LISTED RECORDS:
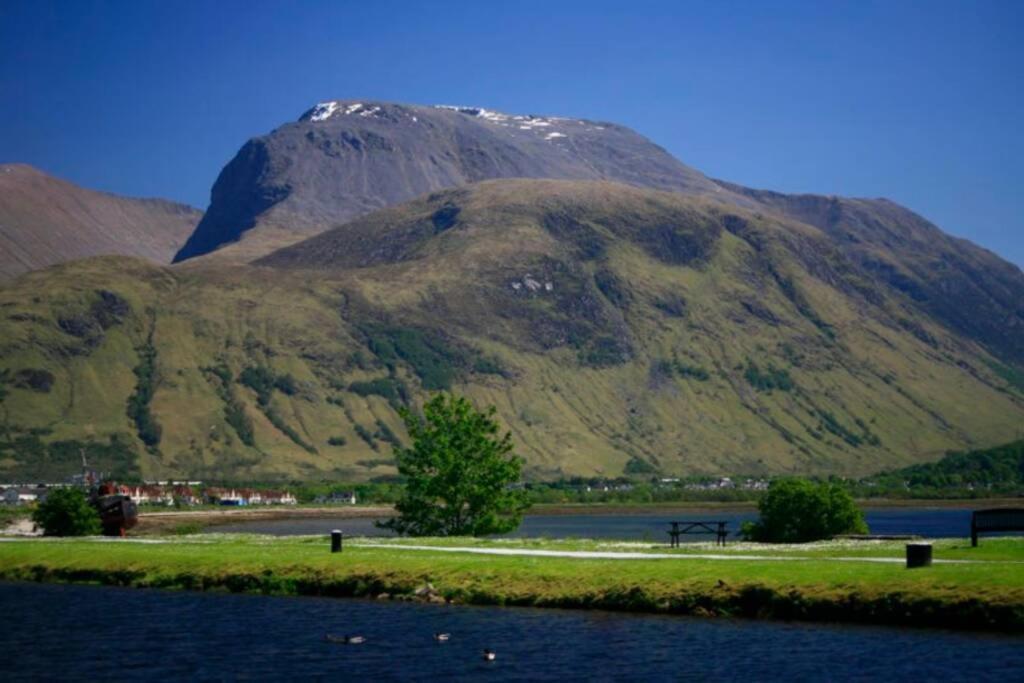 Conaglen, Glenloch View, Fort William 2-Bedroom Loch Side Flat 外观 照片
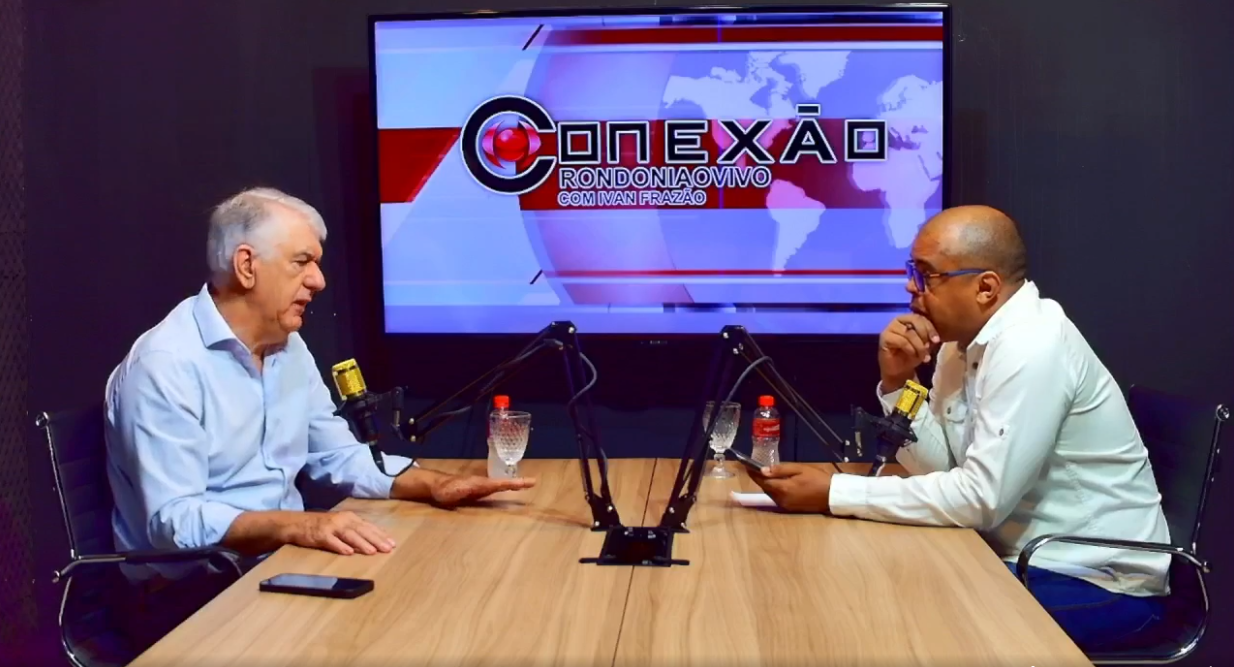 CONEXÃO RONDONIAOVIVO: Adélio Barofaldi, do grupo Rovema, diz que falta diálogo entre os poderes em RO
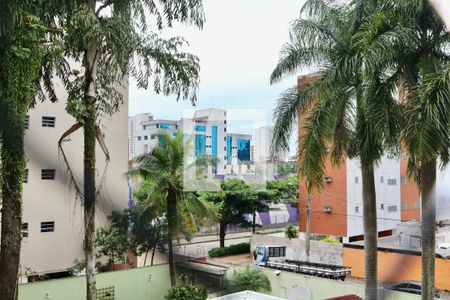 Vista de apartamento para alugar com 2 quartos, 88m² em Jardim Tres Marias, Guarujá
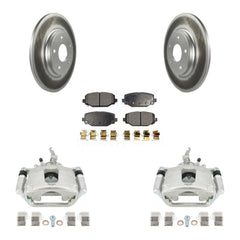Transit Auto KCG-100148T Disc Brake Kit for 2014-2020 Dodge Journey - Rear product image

---

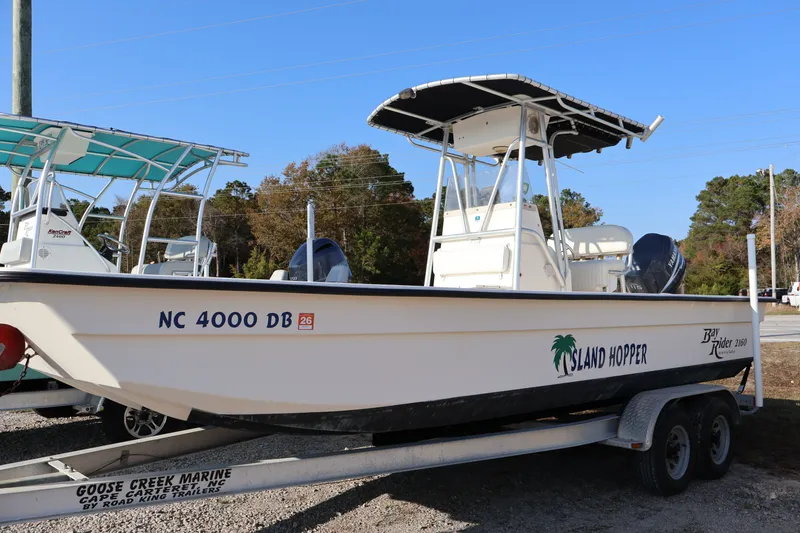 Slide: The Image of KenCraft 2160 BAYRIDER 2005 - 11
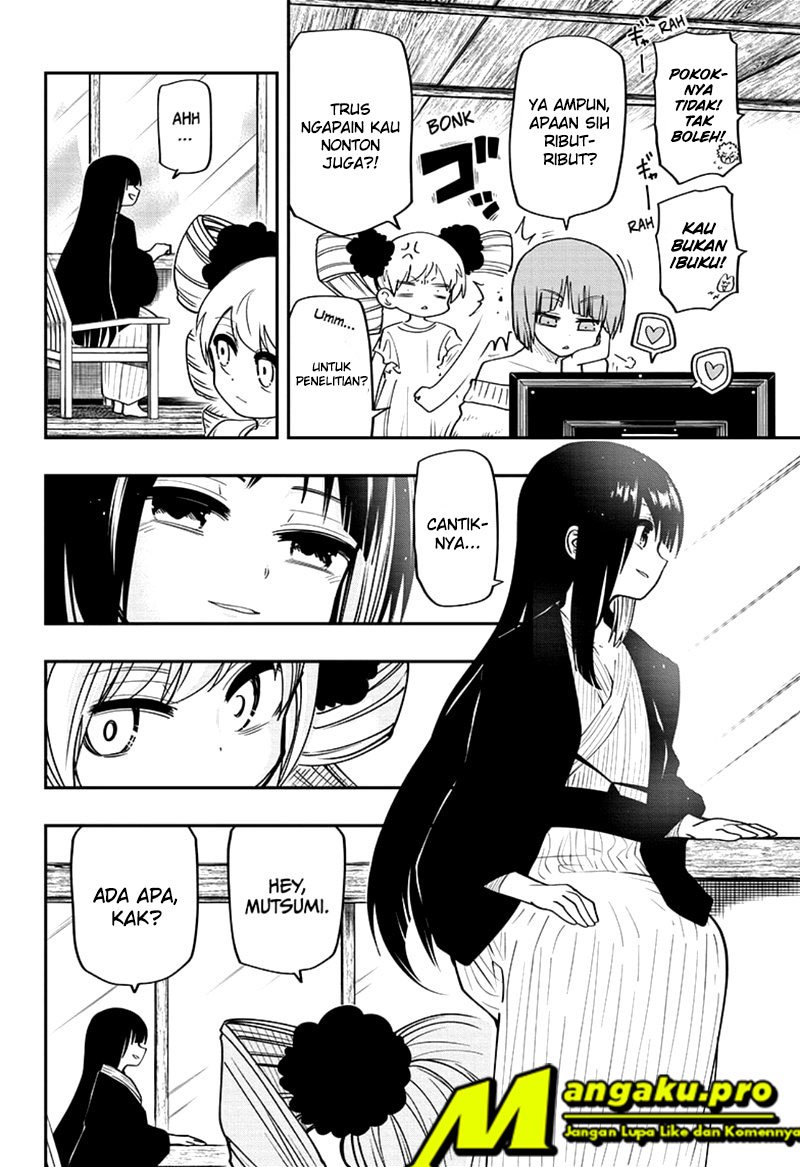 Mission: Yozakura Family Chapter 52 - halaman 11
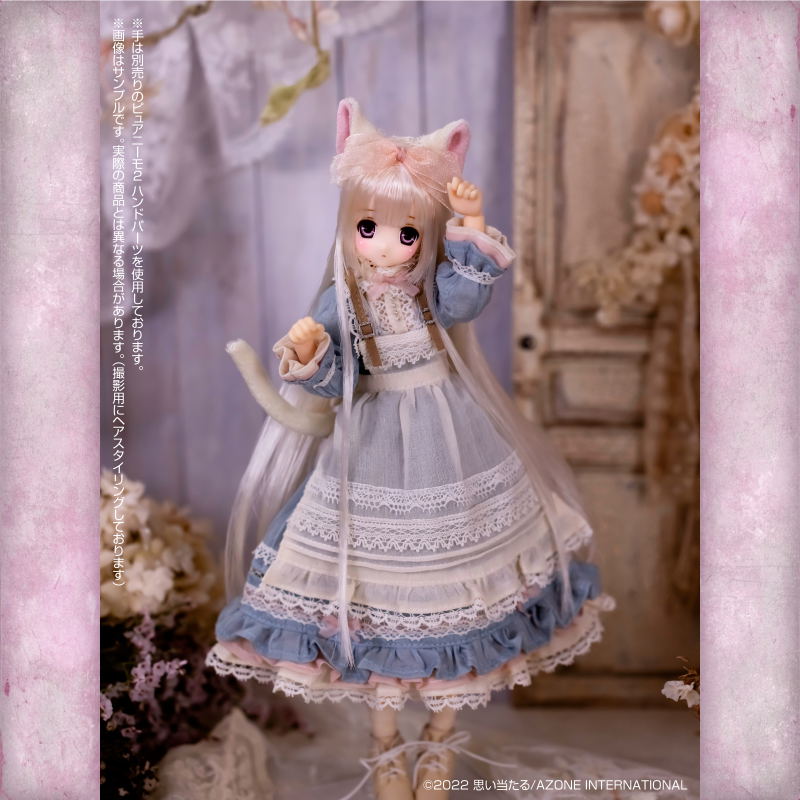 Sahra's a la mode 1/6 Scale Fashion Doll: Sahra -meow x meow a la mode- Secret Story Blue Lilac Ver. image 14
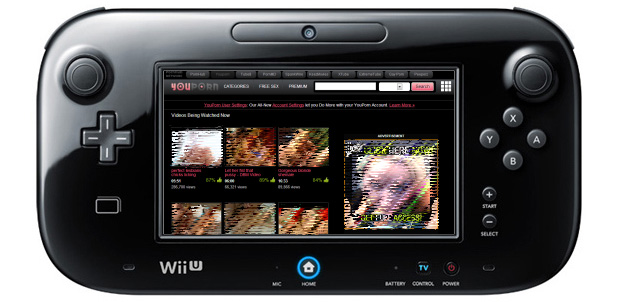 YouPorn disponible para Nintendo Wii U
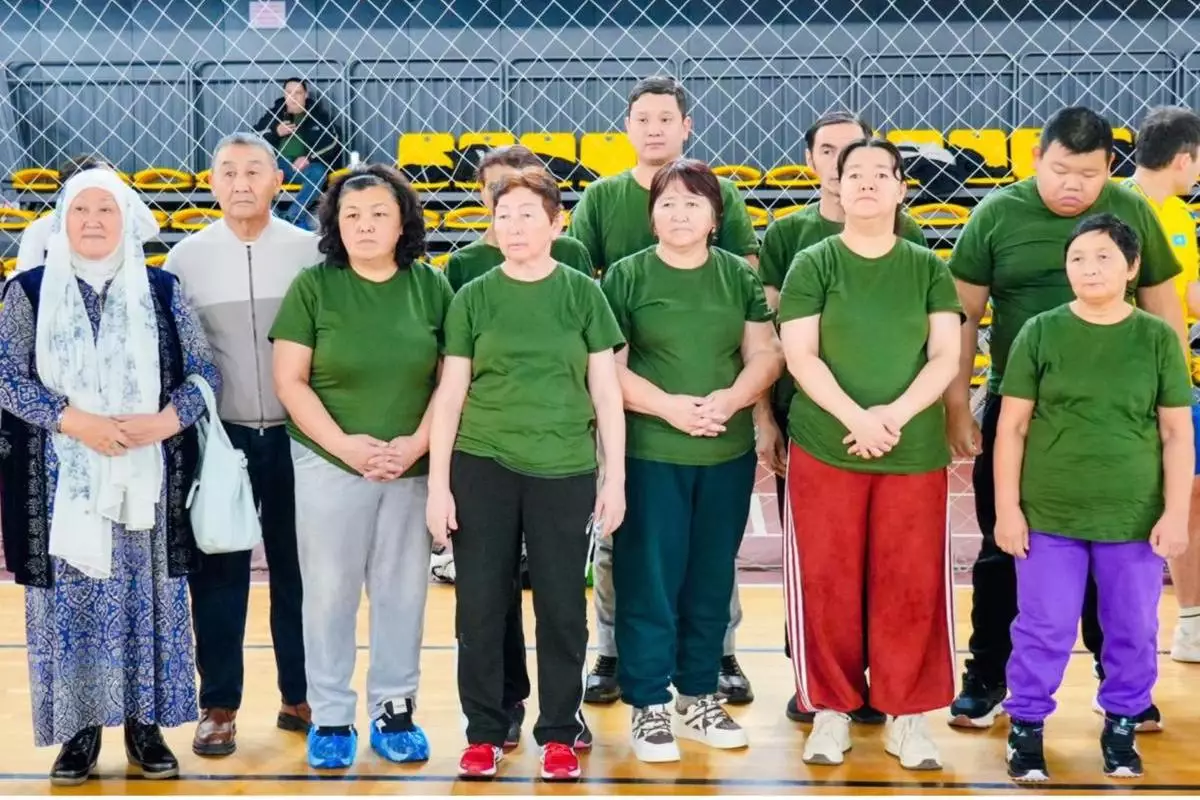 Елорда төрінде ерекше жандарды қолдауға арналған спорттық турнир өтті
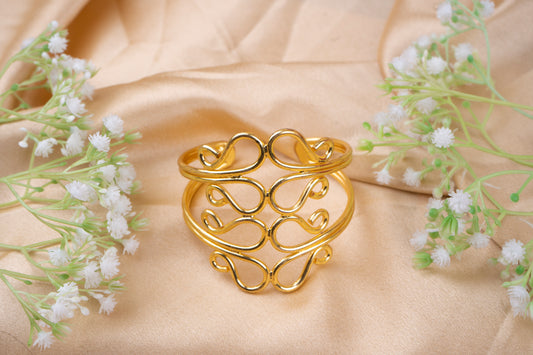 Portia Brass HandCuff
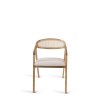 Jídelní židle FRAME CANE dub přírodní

DESCRIPTION OF THE TASK:
Range to copy from the records above: the line containing "Елорда төрінде ерекше" to the line containing "Jídelní židle FRAME CANE dub přírodní", both included. Output those lines exactly and only those, skipping pictures.

THE ANSWER:
 Елорда төрінде ерекше жандарды қолдауға арналған спорттық турнир өтті
 Portia Brass HandCuff
 Jídelní židle FRAME CANE dub přírodní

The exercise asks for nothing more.